Task statement: Using the data that follows, give again word for word the lines between the one holding "Concurso de Belenes Populares de Lucena" and the one holding "Volkswagen Golf 7 GTI performance", inclusive. Omit the pictures.

Task material:

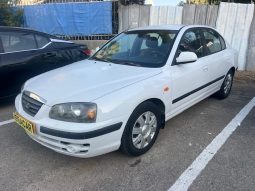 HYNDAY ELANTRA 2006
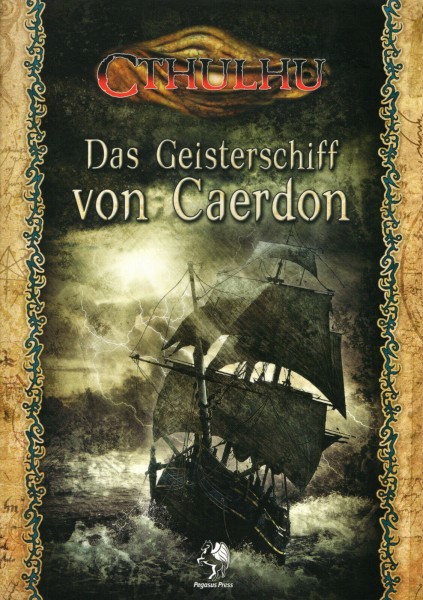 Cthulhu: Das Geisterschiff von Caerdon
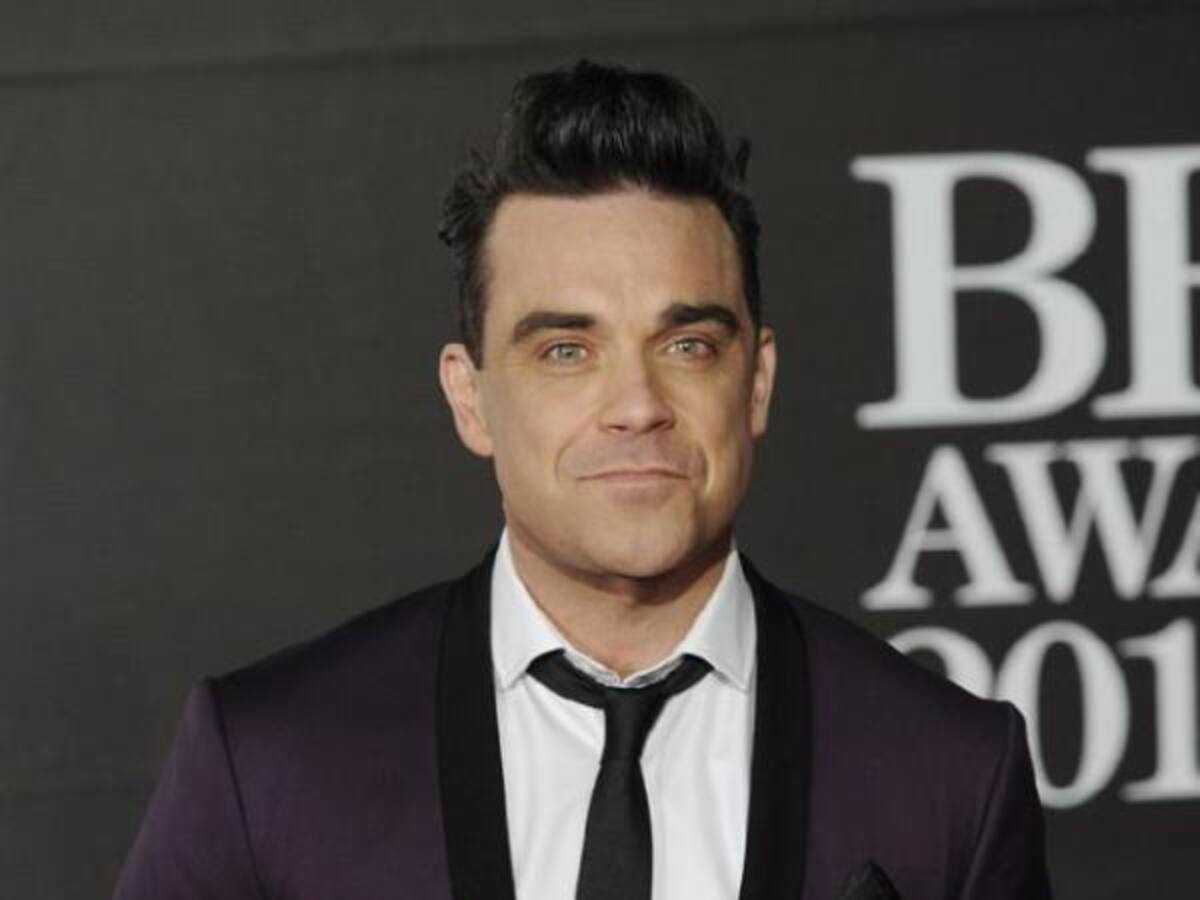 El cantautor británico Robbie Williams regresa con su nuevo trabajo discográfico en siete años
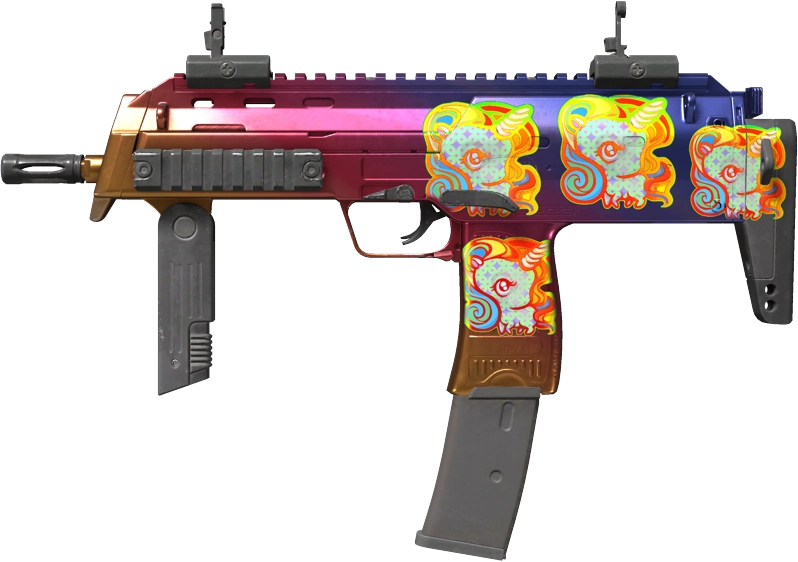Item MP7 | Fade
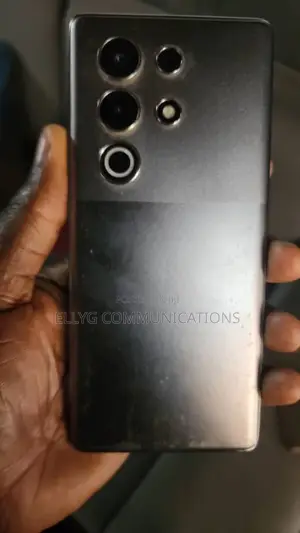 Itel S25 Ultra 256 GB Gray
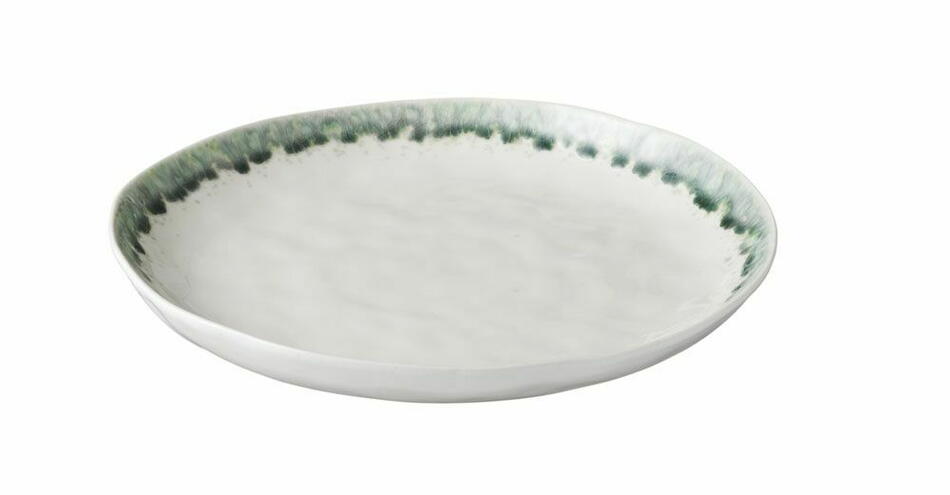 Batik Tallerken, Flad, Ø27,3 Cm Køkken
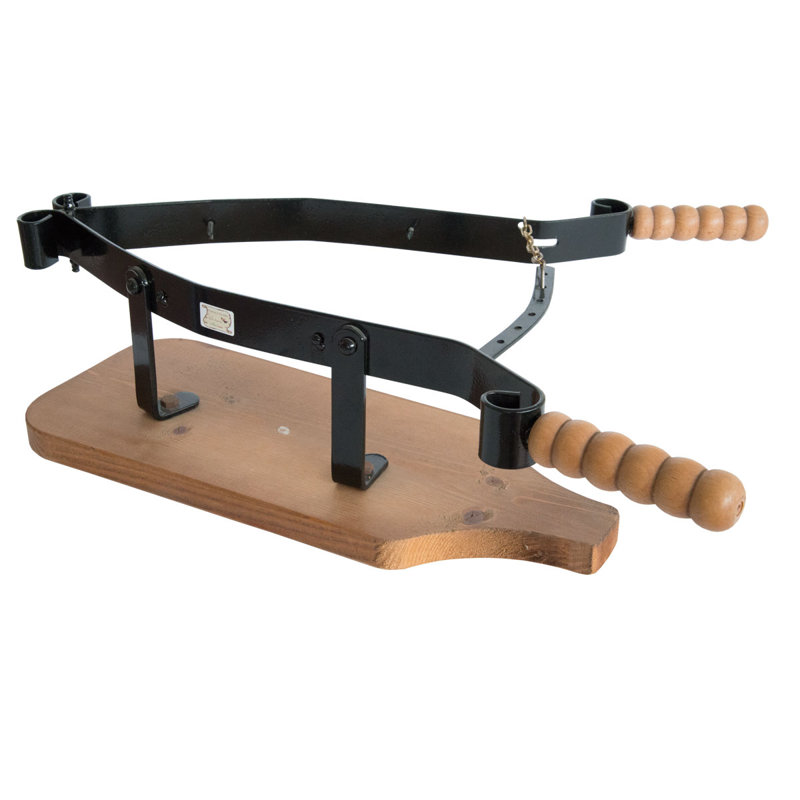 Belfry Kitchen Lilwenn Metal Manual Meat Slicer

==

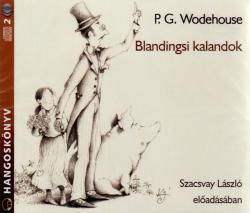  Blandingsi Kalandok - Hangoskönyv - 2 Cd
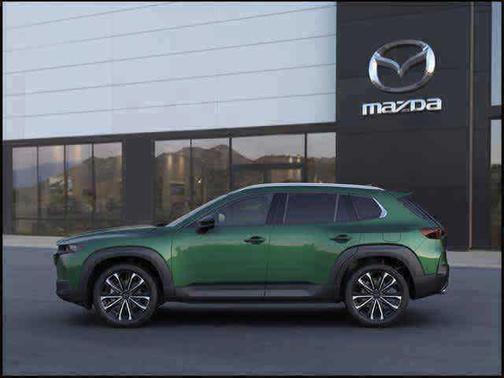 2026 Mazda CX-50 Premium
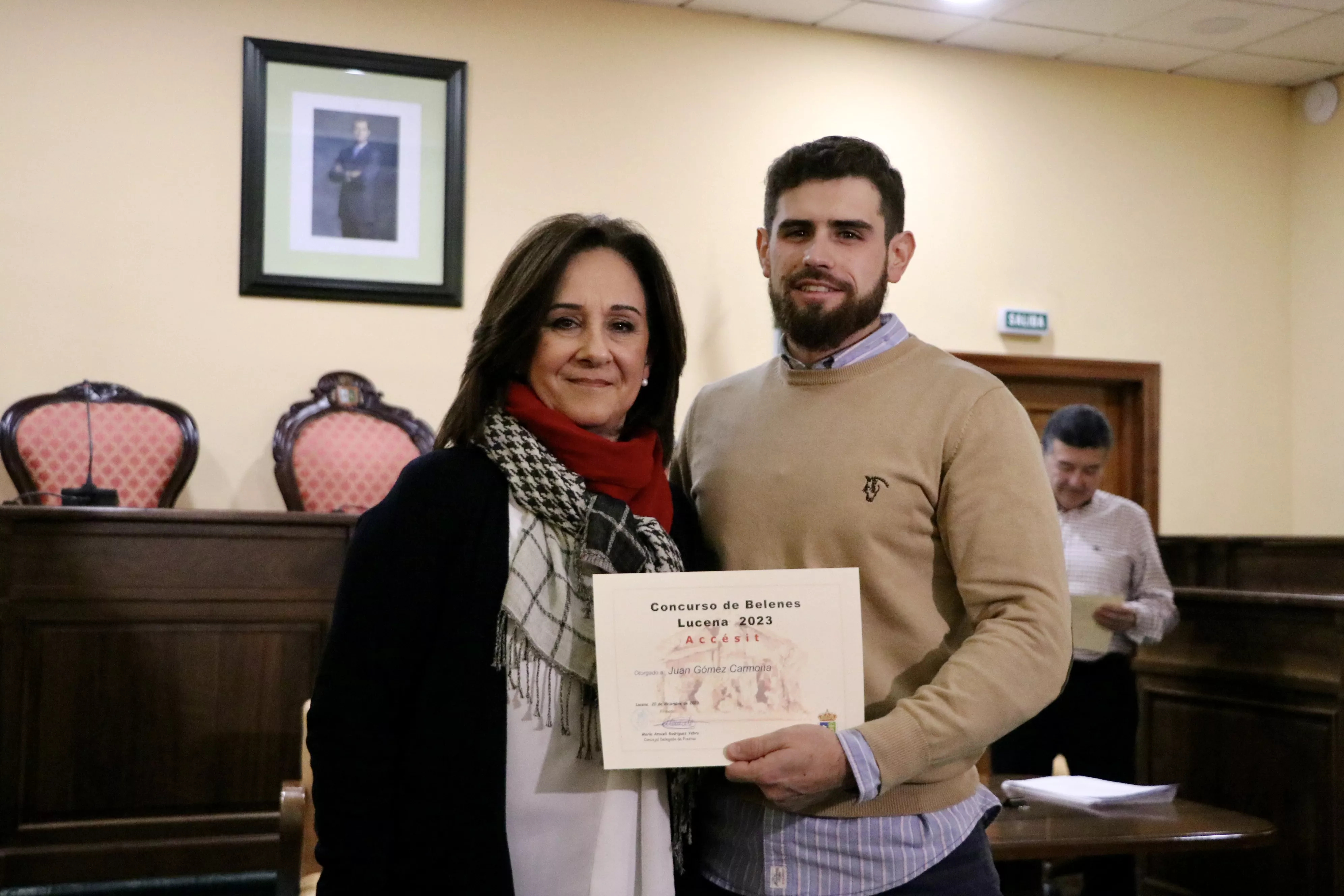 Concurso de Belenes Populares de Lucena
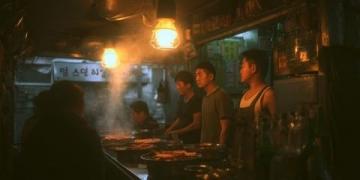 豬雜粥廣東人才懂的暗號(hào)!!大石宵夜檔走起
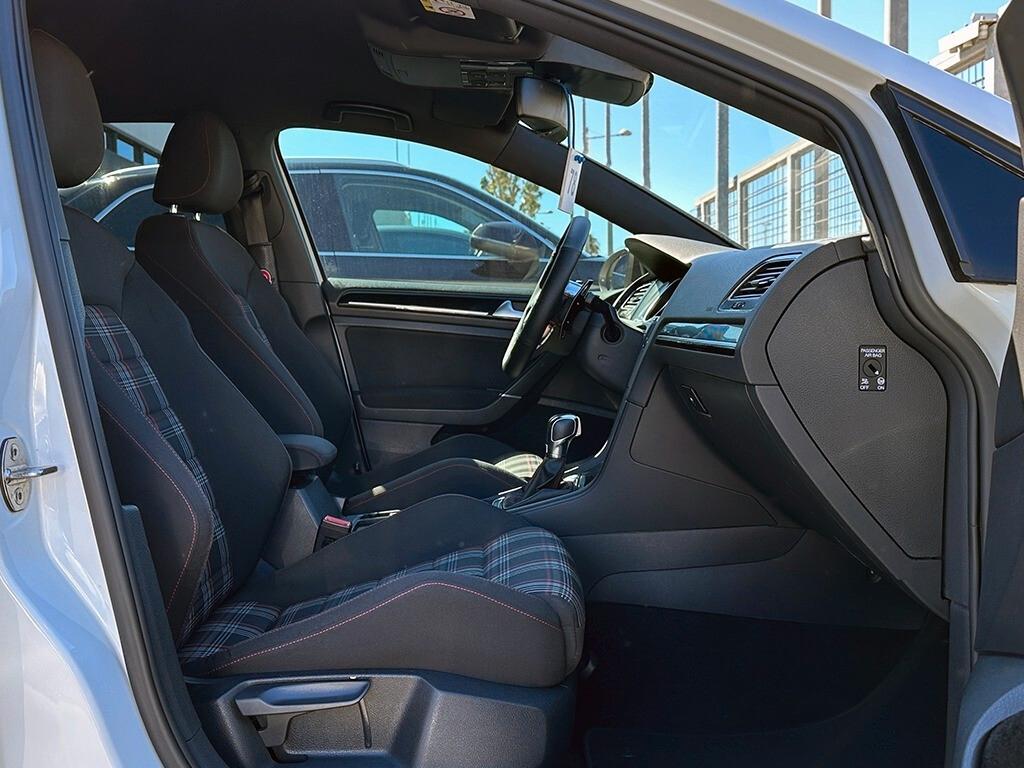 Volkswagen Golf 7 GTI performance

Your response:
 Concurso de Belenes Populares de Lucena
 豬雜粥廣東人才懂的暗號(hào)!!大石宵夜檔走起
 Volkswagen Golf 7 GTI performance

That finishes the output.